- Task item -
All records should be written out again exactly.
(Beginning of Entries provided)
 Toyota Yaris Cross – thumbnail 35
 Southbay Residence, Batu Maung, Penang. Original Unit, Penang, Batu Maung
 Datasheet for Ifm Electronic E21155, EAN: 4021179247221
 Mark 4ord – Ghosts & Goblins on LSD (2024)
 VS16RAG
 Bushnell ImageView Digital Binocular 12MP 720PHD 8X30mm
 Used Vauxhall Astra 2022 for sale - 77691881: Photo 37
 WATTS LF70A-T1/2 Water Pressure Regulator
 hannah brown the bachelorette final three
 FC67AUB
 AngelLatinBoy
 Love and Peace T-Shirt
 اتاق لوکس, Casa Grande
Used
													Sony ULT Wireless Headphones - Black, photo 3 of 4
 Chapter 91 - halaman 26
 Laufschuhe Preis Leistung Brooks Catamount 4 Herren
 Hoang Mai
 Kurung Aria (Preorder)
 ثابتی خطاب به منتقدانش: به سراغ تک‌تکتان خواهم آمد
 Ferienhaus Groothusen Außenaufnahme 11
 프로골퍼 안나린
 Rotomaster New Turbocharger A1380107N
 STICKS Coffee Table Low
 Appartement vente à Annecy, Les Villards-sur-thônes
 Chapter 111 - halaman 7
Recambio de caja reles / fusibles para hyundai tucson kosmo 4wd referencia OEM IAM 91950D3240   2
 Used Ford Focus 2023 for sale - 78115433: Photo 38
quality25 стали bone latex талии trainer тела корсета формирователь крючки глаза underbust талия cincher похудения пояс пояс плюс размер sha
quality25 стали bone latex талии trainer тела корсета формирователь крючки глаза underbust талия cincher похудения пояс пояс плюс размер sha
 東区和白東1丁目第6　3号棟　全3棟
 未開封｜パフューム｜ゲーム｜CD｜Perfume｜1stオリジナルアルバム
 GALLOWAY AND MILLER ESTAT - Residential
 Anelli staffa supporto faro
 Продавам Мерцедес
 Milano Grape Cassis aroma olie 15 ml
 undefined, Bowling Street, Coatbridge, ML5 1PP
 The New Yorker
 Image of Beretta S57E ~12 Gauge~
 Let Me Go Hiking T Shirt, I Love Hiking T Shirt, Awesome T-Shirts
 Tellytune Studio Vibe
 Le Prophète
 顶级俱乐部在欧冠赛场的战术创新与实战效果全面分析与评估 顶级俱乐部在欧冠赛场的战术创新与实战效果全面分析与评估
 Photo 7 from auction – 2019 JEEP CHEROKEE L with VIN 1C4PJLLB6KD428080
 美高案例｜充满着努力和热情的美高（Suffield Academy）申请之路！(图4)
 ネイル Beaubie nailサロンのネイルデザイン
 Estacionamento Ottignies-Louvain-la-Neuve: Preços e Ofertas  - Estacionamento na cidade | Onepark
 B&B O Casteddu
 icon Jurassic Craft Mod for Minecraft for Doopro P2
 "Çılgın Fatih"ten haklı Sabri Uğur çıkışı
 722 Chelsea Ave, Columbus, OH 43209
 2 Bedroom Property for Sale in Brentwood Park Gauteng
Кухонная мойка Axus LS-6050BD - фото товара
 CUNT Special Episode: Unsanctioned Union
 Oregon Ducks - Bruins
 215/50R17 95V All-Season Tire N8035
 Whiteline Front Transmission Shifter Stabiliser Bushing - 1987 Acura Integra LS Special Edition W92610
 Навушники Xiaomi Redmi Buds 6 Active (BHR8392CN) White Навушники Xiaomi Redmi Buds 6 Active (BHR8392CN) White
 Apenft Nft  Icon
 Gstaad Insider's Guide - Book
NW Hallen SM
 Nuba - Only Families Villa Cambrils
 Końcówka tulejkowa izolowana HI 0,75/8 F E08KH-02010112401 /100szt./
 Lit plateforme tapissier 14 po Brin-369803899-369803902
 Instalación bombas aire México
(End of Entries provided)
- Solved problem -
 Toyota Yaris Cross – thumbnail 35
 Southbay Residence, Batu Maung, Penang. Original Unit, Penang, Batu Maung
 Datasheet for Ifm Electronic E21155, EAN: 4021179247221
 Mark 4ord – Ghosts & Goblins on LSD (2024)
 VS16RAG
 Bushnell ImageView Digital Binocular 12MP 720PHD 8X30mm
 Used Vauxhall Astra 2022 for sale - 77691881: Photo 37
 WATTS LF70A-T1/2 Water Pressure Regulator
 hannah brown the bachelorette final three
 FC67AUB
 AngelLatinBoy
 Love and Peace T-Shirt
 اتاق لوکس, Casa Grande
Used
													Sony ULT Wireless Headphones - Black, photo 3 of 4
 Chapter 91 - halaman 26
 Laufschuhe Preis Leistung Brooks Catamount 4 Herren
 Hoang Mai
 Kurung Aria (Preorder)
 ثابتی خطاب به منتقدانش: به سراغ تک‌تکتان خواهم آمد
 Ferienhaus Groothusen Außenaufnahme 11
 프로골퍼 안나린
 Rotomaster New Turbocharger A1380107N
 STICKS Coffee Table Low
 Appartement vente à Annecy, Les Villards-sur-thônes
 Chapter 111 - halaman 7
Recambio de caja reles / fusibles para hyundai tucson kosmo 4wd referencia OEM IAM 91950D3240   2
 Used Ford Focus 2023 for sale - 78115433: Photo 38
quality25 стали bone latex талии trainer тела корсета формирователь крючки глаза underbust талия cincher похудения пояс пояс плюс размер sha
quality25 стали bone latex талии trainer тела корсета формирователь крючки глаза underbust талия cincher похудения пояс пояс плюс размер sha
 東区和白東1丁目第6　3号棟　全3棟
 未開封｜パフューム｜ゲーム｜CD｜Perfume｜1stオリジナルアルバム
 GALLOWAY AND MILLER ESTAT - Residential
 Anelli staffa supporto faro
 Продавам Мерцедес
 Milano Grape Cassis aroma olie 15 ml
 undefined, Bowling Street, Coatbridge, ML5 1PP
 The New Yorker
 Image of Beretta S57E ~12 Gauge~
 Let Me Go Hiking T Shirt, I Love Hiking T Shirt, Awesome T-Shirts
 Tellytune Studio Vibe
 Le Prophète
 顶级俱乐部在欧冠赛场的战术创新与实战效果全面分析与评估 顶级俱乐部在欧冠赛场的战术创新与实战效果全面分析与评估
 Photo 7 from auction – 2019 JEEP CHEROKEE L with VIN 1C4PJLLB6KD428080
 美高案例｜充满着努力和热情的美高（Suffield Academy）申请之路！(图4)
 ネイル Beaubie nailサロンのネイルデザイン
 Estacionamento Ottignies-Louvain-la-Neuve: Preços e Ofertas  - Estacionamento na cidade | Onepark
 B&B O Casteddu
 icon Jurassic Craft Mod for Minecraft for Doopro P2
 "Çılgın Fatih"ten haklı Sabri Uğur çıkışı
 722 Chelsea Ave, Columbus, OH 43209
 2 Bedroom Property for Sale in Brentwood Park Gauteng
Кухонная мойка Axus LS-6050BD - фото товара
 CUNT Special Episode: Unsanctioned Union
 Oregon Ducks - Bruins
 215/50R17 95V All-Season Tire N8035
 Whiteline Front Transmission Shifter Stabiliser Bushing - 1987 Acura Integra LS Special Edition W92610
 Навушники Xiaomi Redmi Buds 6 Active (BHR8392CN) White Навушники Xiaomi Redmi Buds 6 Active (BHR8392CN) White
 Apenft Nft  Icon
 Gstaad Insider's Guide - Book
NW Hallen SM
 Nuba - Only Families Villa Cambrils
 Końcówka tulejkowa izolowana HI 0,75/8 F E08KH-02010112401 /100szt./
 Lit plateforme tapissier 14 po Brin-369803899-369803902
 Instalación bombas aire México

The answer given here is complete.